Task directions:
From the first line to the last, retype the listing without any alteration.

Data below:
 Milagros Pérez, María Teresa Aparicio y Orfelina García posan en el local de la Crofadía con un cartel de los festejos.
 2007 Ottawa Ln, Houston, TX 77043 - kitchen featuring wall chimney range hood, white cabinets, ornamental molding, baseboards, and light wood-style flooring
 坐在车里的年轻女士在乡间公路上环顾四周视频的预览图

Problem solution:
 Milagros Pérez, María Teresa Aparicio y Orfelina García posan en el local de la Crofadía con un cartel de los festejos.
 2007 Ottawa Ln, Houston, TX 77043 - kitchen featuring wall chimney range hood, white cabinets, ornamental molding, baseboards, and light wood-style flooring
 坐在车里的年轻女士在乡间公路上环顾四周视频的预览图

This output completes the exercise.